The tutorial will be aimed at a broad audience in the database community
including active researchers in data management, graduate students
seeking a new research topic, as well as practitioners from the industry to
preview a plausible future perspective in data analysis tools.
Alexandra Meliou, Sudeepa Roy and Dan Suciu
Alexandra Meliou is an Assistant Professor in the School of Computer
Science at the University of Massachusetts. She received her PhD and Masters
degrees from the University of California Berkeley in 2009 and 2005
respectively. She completed her postdoctoral work in 2012 at the University of
Washington. She has made contributions to the areas of provenance, causality
in databases, data cleaning, and sensor networks. She received a 2008 Siebel
scholarship, a 2012 Sigmod best demo award, and a 2013 Google faculty award.
Sudeepa Roy is a Postdoctoral Researcher in Computer Science
at the University of Washington. Her current research focuses
on theory and applications of causality/explanations in databases.
She has also worked on provenance in databases and workflows,
probabilistic databases, information extraction, and crowd sourcing.
During her doctoral studies at the University of Pennsylvania,
she was a recipient of the Google PhD Fellowship in structured data.
Dan Suciu is a Professor in Computer Science at the University of
Washington. He made contributions to semistructured data, data
privacy, probabilistic databases, and causality/explanations in
databases. He is a Fellow of the ACM, holds twelve US patents,
received the best paper award in SIGMOD 2000 and ICDT 2013, the ACM
PODS Alberto Mendelzon Test of Time Award in 2010 and in 2012, the 10
Year Most Influential Paper Award in ICDE 2013, and is a recipient of
the NSF Career Award and of an Alfred P. Sloan Fellowship. He has
given past tutorials in VLDB and SIGMOD (on semistructured data and
XML, and on probabilistic database).
Enterprise Search in the Big Data Era
Enterprise search allows users in an enterprise to retrieve
desired information through a simple search interface.
It is widely viewed as an important productivity
tool within an enterprise. While Internet search
engines have been highly successful, enterprise search
remains notoriously challenging due to a variety of
unique challenges, and is being made more so by the
increasing heterogeneity and volume of enterprise data.
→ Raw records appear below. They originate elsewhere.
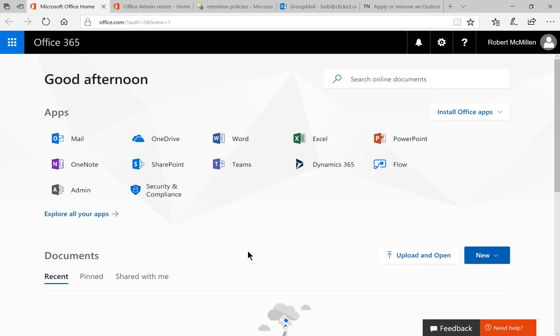We're in Office 365. I'm going to show you how to create a data retention policy. This is basically a policy your organization has decided upon to determine how long email should be kept or what should happen after a certain amount of time with the email.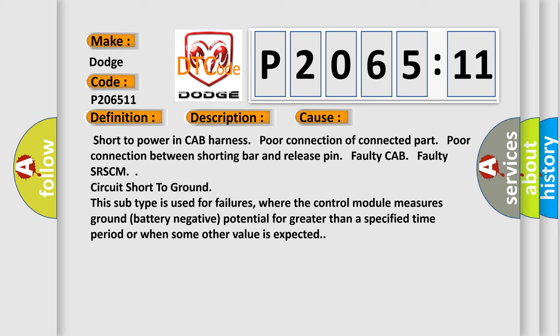Circuit short to ground. This subtype is used for failures where the control module measures ground battery negative potential for greater than a specified time period or when some other value is expected.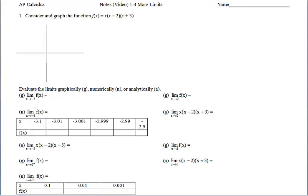Hey everybody, let's continue our study of limits. For this first example, let's consider and graph this function.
On the other hand, enterprise search also presents opportunities
to succeed in ways beyond current Internet
search capabilities. This tutorial presents an organized
overview of these challenges and opportunities, and review
the state-of-the-art techniques for building a reliable
and high quality enterprise search engine, in the
context of the rise of big data.
Yunyao Li, Ziyang Liu and Huaiyu Zhu
Yunyao Li is a researcher at IBM Research—Almaden. She has broad interests across multiple disciplines, most notably databases, natural language processing, human-computer interaction, information retrieval, and machine learning. Her current research focuses on enterprise search and scalable declarative text analytics for enterprise applications. She is the owner of several key components in the search engine that is currently powering IBM intranet search. She received her PhD degree in Computer Science and Engineering from the University of Michigan, Ann Arbor in 2007.
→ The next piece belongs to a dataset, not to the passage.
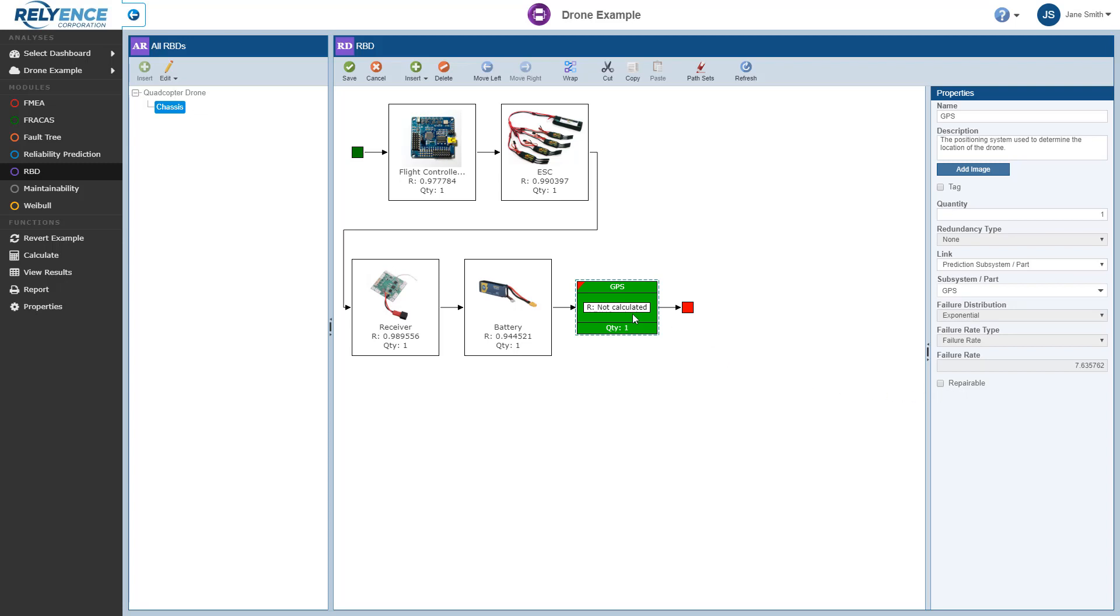At this time we can see a red tag mark appear in the upper left corner of our GPS block. This indicates that we have unsaved changes. When we click Save, the outstanding changes are saved and the red tag mark disappears.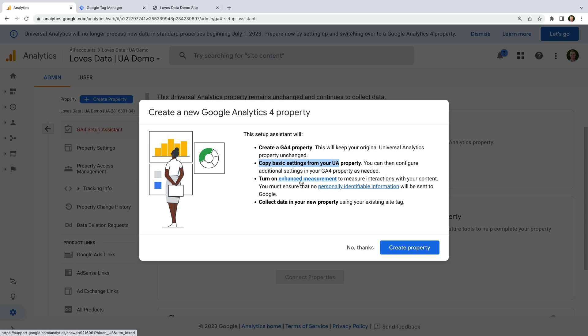Next, it says that it will copy some basic settings from Universal Analytics, and we can see it will also turn on enhanced measurement. This is a feature that will automatically track a number of actions taking place on our website, including people scrolling, clicking outbound links, downloading files, and watching embedded YouTube videos. Finally, the last point says we can collect data using the existing tag on our website. We're seeing this because we're using the Google tag, gtag.js, to add Universal Analytics to our website.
Ziyang Liu is a researcher at the Data Management department at NEC Laboratories America. His research interests span several topics in data management, including efficient and iterative big data analytics, data pricing, multitenant databases, data usability and effectively searching structured data with keywords. He got his Ph.D. from the School of Computing, Informatics, and Decision Systems Engineering at Arizona State University in 2011. He also received B.S. degree in computer engineering from Harbin Institute of Technology, China, in 2006.
Huaiyu Zhu is with IBM Research—Almaden. He received his PhD degree in Computational Mathematics and Statistics from Liverpool University. His research interest includes statistical and machine learning techniques in data mining applications, especially in text analytics and large scale enterprise applications. In the past several years his main research focus was on enterprise search.